If you haven’t already figured it out by now, this example would apply rules for a Tablet in Portrait view, and perhaps some smaller/older desktop machines. The column widths in question would change to the following:

/* #Tablet (Portrait)
================================================== */

	/* Note: Design for a width of 768px */

@media only screen and (min-width: 768px) and (max-width: 999px) {
		.container									{ width: 768px; }
		.container .column,
		.container .columns							{ margin-left: 10px; margin-right: 10px;  }
		.column.alpha, .columns.alpha				{ margin-left: 0; margin-right: 10px; }
		.column.omega, .columns.omega				{ margin-right: 0; margin-left: 10px; }
		.alpha.omega								{ margin-left: 0; margin-right: 0; }

		.container .one.column,
		.container .one.columns						{ width: 28px; }
		.container .two.columns						{ width: 76px; }
		.container .three.columns					{ width: 124px; }
		.container .four.columns					{ width: 172px; }
		.container .five.columns					{ width: 220px; }
		.container .six.columns						{ width: 268px; }
		.container .seven.columns					{ width: 316px; }
		.container .eight.columns					{ width: 364px; }
		.container .nine.columns					{ width: 412px; }
		.container .ten.columns						{ width: 460px; }
		.container .eleven.columns					{ width: 508px; }
		.container .twelve.columns					{ width: 556px; }
		.container .thirteen.columns				{ width: 604px; }
		.container .fourteen.columns				{ width: 652px; }
		.container .fifteen.columns					{ width: 700px; }
		.container .sixteen.columns					{ width: 748px; }

		.container .one-third.column				{ width: 236px; }
		.container .two-thirds.column				{ width: 492px; }

		/* Offsets */
		.container .offset-by-one					{ padding-left: 48px; }
		.container .offset-by-two					{ padding-left: 96px; }
		.container .offset-by-three					{ padding-left: 144px; }
		.container .offset-by-four					{ padding-left: 192px; }
		.container .offset-by-five					{ padding-left: 240px; }
		.container .offset-by-six					{ padding-left: 288px; }
		.container .offset-by-seven					{ padding-left: 336px; }
		.container .offset-by-eight					{ padding-left: 384px; }
		.container .offset-by-nine					{ padding-left: 432px; }
		.container .offset-by-ten					{ padding-left: 480px; }
		.container .offset-by-eleven				{ padding-left: 528px; }
		.container .offset-by-twelve				{ padding-left: 576px; }
		.container .offset-by-thirteen				{ padding-left: 624px; }
		.container .offset-by-fourteen				{ padding-left: 672px; }
		.container .offset-by-fifteen				{ padding-left: 720px; }
		.container .offset-by-eight-plus-half		{ padding-left: 400px; }

When applying these styles for mobile, simply set all your columns to be full page width, and turn off all offsets and gutters.

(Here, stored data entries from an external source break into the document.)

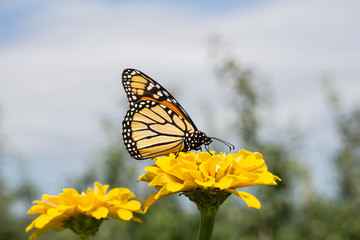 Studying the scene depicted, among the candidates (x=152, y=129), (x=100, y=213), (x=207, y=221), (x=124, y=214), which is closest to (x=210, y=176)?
(x=207, y=221)

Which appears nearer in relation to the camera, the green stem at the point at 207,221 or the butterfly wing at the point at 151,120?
the green stem at the point at 207,221

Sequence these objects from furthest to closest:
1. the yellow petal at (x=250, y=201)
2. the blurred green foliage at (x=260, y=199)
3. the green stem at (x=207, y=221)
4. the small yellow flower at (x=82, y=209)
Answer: the blurred green foliage at (x=260, y=199) → the small yellow flower at (x=82, y=209) → the green stem at (x=207, y=221) → the yellow petal at (x=250, y=201)

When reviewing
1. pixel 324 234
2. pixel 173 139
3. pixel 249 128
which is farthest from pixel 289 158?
pixel 173 139

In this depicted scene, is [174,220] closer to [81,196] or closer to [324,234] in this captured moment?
[324,234]

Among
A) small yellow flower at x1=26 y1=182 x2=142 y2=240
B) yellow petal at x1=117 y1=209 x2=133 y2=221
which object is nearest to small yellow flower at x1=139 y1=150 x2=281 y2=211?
yellow petal at x1=117 y1=209 x2=133 y2=221

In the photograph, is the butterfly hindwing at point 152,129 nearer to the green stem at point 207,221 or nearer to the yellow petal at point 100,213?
the yellow petal at point 100,213

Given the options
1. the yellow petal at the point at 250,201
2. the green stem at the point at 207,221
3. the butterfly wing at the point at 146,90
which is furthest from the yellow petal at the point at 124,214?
the butterfly wing at the point at 146,90

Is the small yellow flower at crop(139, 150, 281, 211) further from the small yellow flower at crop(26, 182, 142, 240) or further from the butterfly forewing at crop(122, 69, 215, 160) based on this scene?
the butterfly forewing at crop(122, 69, 215, 160)
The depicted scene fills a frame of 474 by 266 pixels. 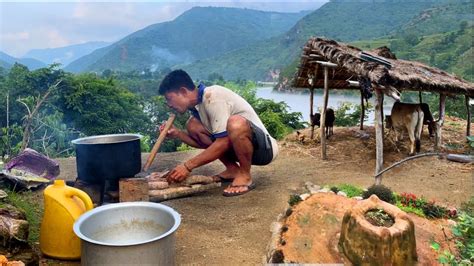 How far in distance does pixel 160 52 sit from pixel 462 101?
3073 inches

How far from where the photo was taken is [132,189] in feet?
10.7

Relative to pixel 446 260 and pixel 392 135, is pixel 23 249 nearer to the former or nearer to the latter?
pixel 446 260

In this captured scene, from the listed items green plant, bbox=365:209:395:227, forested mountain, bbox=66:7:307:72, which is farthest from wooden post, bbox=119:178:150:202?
forested mountain, bbox=66:7:307:72

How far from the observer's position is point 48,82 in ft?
56.2

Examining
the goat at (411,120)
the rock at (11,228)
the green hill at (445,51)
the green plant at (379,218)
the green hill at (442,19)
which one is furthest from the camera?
the green hill at (442,19)

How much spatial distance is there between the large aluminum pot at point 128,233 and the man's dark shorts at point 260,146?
1780 millimetres

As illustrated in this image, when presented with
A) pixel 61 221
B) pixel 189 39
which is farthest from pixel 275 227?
pixel 189 39

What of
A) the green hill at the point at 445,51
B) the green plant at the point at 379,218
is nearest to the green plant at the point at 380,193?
the green plant at the point at 379,218

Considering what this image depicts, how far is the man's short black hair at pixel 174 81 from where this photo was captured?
3.74 meters

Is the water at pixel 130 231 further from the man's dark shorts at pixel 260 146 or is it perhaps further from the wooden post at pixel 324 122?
the wooden post at pixel 324 122

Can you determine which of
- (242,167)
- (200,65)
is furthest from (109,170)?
(200,65)

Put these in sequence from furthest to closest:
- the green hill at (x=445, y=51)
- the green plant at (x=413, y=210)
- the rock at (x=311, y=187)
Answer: the green hill at (x=445, y=51), the rock at (x=311, y=187), the green plant at (x=413, y=210)

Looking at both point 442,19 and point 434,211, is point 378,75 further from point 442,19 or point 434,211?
point 442,19

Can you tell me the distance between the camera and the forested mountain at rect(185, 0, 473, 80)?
43062 mm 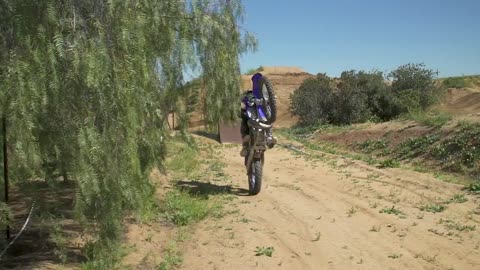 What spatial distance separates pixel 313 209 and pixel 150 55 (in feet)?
11.5

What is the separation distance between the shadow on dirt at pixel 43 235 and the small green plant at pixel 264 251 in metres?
1.93

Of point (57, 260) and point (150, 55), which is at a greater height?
point (150, 55)

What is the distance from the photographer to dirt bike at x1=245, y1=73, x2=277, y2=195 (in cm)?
897

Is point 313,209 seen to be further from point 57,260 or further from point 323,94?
point 323,94

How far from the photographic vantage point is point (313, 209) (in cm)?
798

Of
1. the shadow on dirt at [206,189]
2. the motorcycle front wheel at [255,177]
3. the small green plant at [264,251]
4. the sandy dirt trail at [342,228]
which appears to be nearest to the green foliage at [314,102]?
the sandy dirt trail at [342,228]

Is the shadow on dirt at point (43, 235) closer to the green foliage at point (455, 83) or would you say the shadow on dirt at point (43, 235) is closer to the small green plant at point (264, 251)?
the small green plant at point (264, 251)

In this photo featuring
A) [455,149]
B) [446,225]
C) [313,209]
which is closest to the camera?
[446,225]

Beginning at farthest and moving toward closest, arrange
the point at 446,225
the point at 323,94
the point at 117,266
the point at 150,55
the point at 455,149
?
1. the point at 323,94
2. the point at 455,149
3. the point at 446,225
4. the point at 150,55
5. the point at 117,266

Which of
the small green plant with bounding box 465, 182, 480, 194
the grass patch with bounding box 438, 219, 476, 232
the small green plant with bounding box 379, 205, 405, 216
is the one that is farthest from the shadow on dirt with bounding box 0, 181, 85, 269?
the small green plant with bounding box 465, 182, 480, 194

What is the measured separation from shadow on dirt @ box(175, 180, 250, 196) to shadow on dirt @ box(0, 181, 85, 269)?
226 centimetres

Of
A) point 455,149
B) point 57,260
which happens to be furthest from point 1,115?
point 455,149

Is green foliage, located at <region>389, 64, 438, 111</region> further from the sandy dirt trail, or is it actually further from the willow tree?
the willow tree

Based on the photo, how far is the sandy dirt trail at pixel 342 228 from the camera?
584 cm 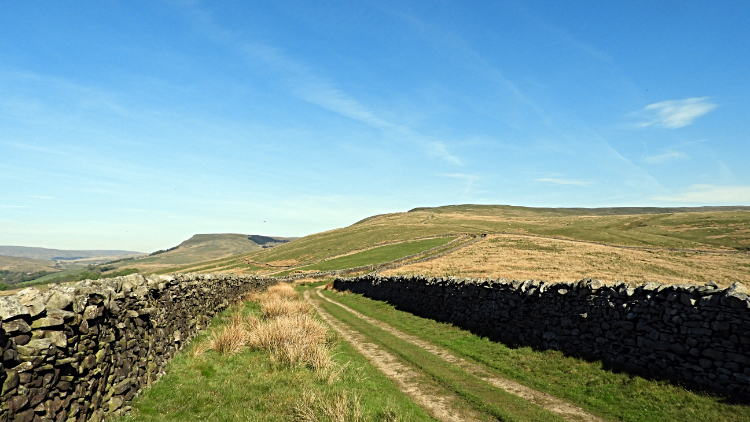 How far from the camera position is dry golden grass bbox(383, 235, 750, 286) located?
35.9 metres

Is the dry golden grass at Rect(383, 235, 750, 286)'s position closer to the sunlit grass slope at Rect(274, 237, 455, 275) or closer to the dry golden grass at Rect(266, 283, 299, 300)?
the sunlit grass slope at Rect(274, 237, 455, 275)

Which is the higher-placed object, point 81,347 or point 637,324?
point 81,347

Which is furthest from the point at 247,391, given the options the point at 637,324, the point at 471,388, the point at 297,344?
the point at 637,324

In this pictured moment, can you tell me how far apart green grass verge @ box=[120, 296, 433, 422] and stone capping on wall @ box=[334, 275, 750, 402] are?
6.42 m

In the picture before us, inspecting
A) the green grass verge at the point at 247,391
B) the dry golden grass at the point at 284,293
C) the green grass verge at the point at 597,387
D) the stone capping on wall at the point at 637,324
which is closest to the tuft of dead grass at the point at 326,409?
the green grass verge at the point at 247,391

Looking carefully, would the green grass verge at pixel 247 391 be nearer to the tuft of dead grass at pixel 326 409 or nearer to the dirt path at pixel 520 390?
the tuft of dead grass at pixel 326 409

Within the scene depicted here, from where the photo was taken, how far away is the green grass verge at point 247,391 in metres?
7.98

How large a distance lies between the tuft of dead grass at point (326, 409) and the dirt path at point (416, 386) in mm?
2022

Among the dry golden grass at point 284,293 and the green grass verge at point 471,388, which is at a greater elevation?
the dry golden grass at point 284,293

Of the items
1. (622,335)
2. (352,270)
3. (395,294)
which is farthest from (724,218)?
(622,335)

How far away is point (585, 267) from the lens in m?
43.2

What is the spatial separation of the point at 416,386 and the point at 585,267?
129 feet

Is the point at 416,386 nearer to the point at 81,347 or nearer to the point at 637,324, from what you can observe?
the point at 637,324

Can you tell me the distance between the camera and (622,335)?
444 inches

This will allow your columns to stack on top of each other, ideal for mobile browsing when you have a small amount of space to work with. I would suggest setting this in pixels and allow some room on either side so your text doesn’t shove up against the sides of a device. Ideally, you want your content to have some breathing room. Grab a book and take a look at the space they allot for page margins if you need a reference.

In closing, now that you have the tools and understand the importance of a good responsive website, why don’t you build one? If you have a new client, start building it in a responsive framework from the start, and when you are ready to launch, surprise the customer with their mobile-friendly site! Or simply hone your skills and create a test site, just to prove to yourself you can do it.

Now go forth! Venture on a journey through desktops and netbooks, iPads and Androids, and create the accessible, mobile-ready web of the future!